Stepping into this restaurant is like being attacked by some giant deja vu monster.

Memory loss

Stepping into this restaurant is like being attacked by some giant deja vu monster. Actually, it just looks like it looks the same as some earlier refurbishment. Because actually it has changed hands, names and positioning several times in its long life. This I suppose is an achievement that you can be different and yet look the same. Maybe it is because it has gone back to the same mural artist who has replaced Bob Dylan and so on with Angelina Jolie, Aishwarya Rai and sundry other major stars from Holly and Bolly.

Maybe it is because sizzlers and steaks are prominent on the menu.

Or maybe I have just been there too many times and there’s a reason why I haven’t been there for many years.

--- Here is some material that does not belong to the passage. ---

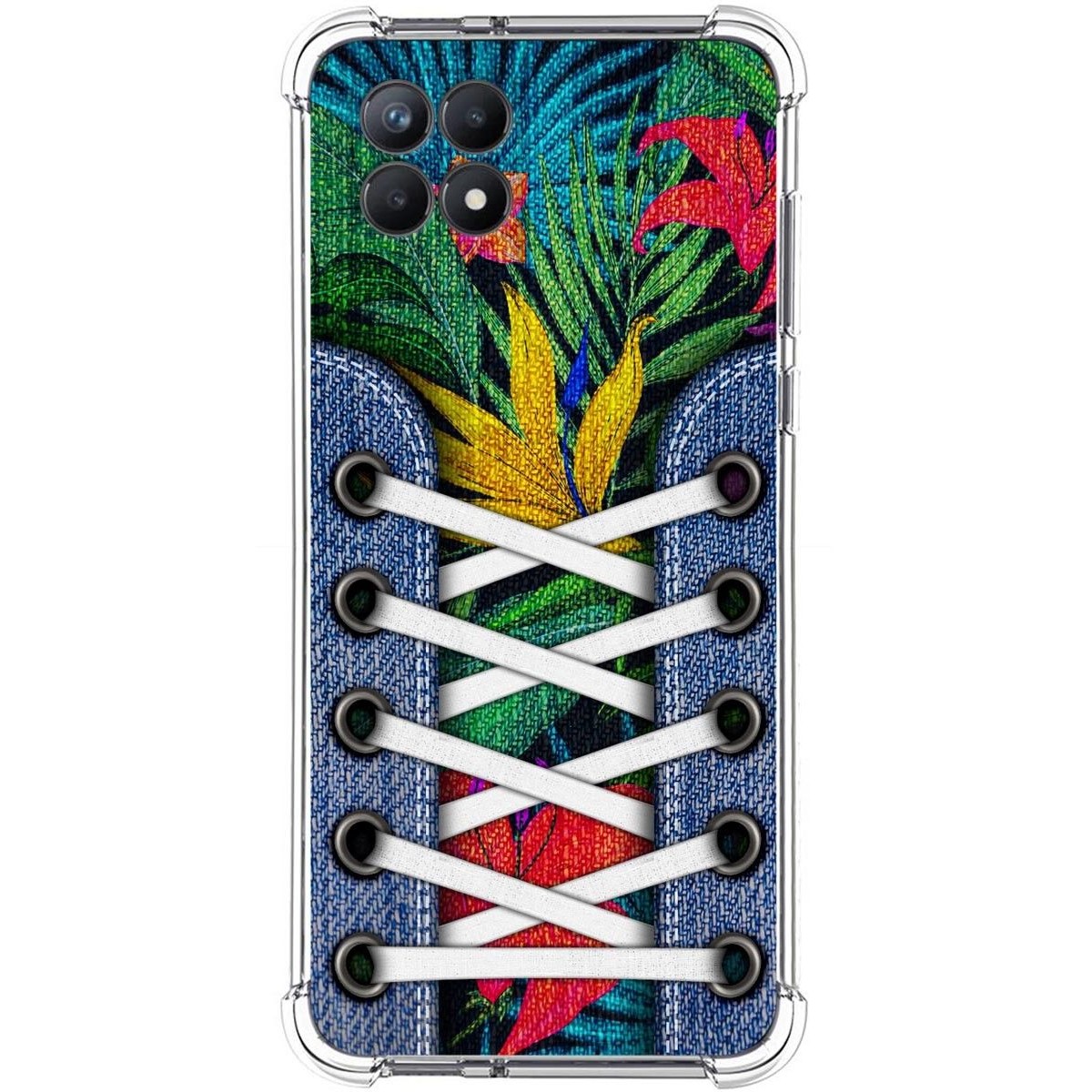 Funda Silicona Antigolpes para Realme 8i diseño Zapatillas 12 Dibujos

To walk into an empty eaterie after 8 pm, even in fast-paced Mumbai is a bit disconcerting. Then to have six people come and ask you if you want regular or mineral water and give you neither for 15 minutes is mildly irritating. Then to order two simple drinks — dark rum and vodka — and have it confirmed three times without any sign of them is a bit annoying. Then to be told by a fourth person that there is no ordinary vodka because “it is not available” is a bit annoying. And you know it’s a con because the ordinary vodka is sold at every shop and every bar and permit room in the city. (There is no shortage of Smirnoff currently says my regular wine shop). This is strange because while I am used to the Old Monk con (have written about it often enough and to be fair not being practised at Cafe Royal), the Smirnoff Red one is a new variation. Of course, all expensive and imported varieties of vodka were available. This is just one more way in which diners in this city are taken for a ride.

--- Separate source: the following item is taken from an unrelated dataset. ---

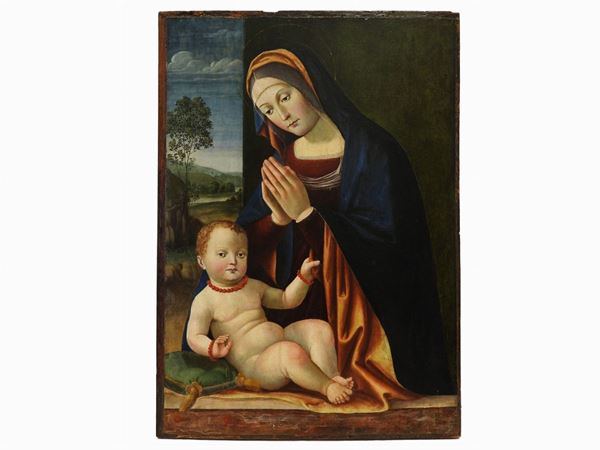 Francesco Raibolini detto Francia - Madonna and Child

The reason why I’m writing more about this than anything else is that there is very little to say about the food. The restaurant started to fill up by about nine, which is when the music started. Some good jazz standards which hugely irritated rock chick, who was already irritated by the fact that there was no ordinary Smirnoff and she was drinking plain Thums Up.

There was no fondue either, although it was there on the menu and sounded good. So we ordered chilly beef on skewers and pepper prawns for starters. The prawns were in a Chinese-style pepper-garlic sauce, not too bad. The chilly beef was too drowned in barbeque sauce to make a name for itself.

Rock chick ordered a Salisbury Steak, which was a hamburger steak sizzler. The hamburger cutlet was finely herbed and spiced and since she asked for the sauce on the side, it was not overwhelmed by dozens of flavours.

My sirloin steak with mushroom jus and parsley potatoes was less successful. The meat was a bit tough in spite of being medium rare and there was not a sprig of parsley in sight.
The piece de resistance was the chocolate walnut brownie with ice cream. Moist, fresh chopped walnuts, the right amount of crumbliness, a good chocolate feel without being overpowering. Delicious.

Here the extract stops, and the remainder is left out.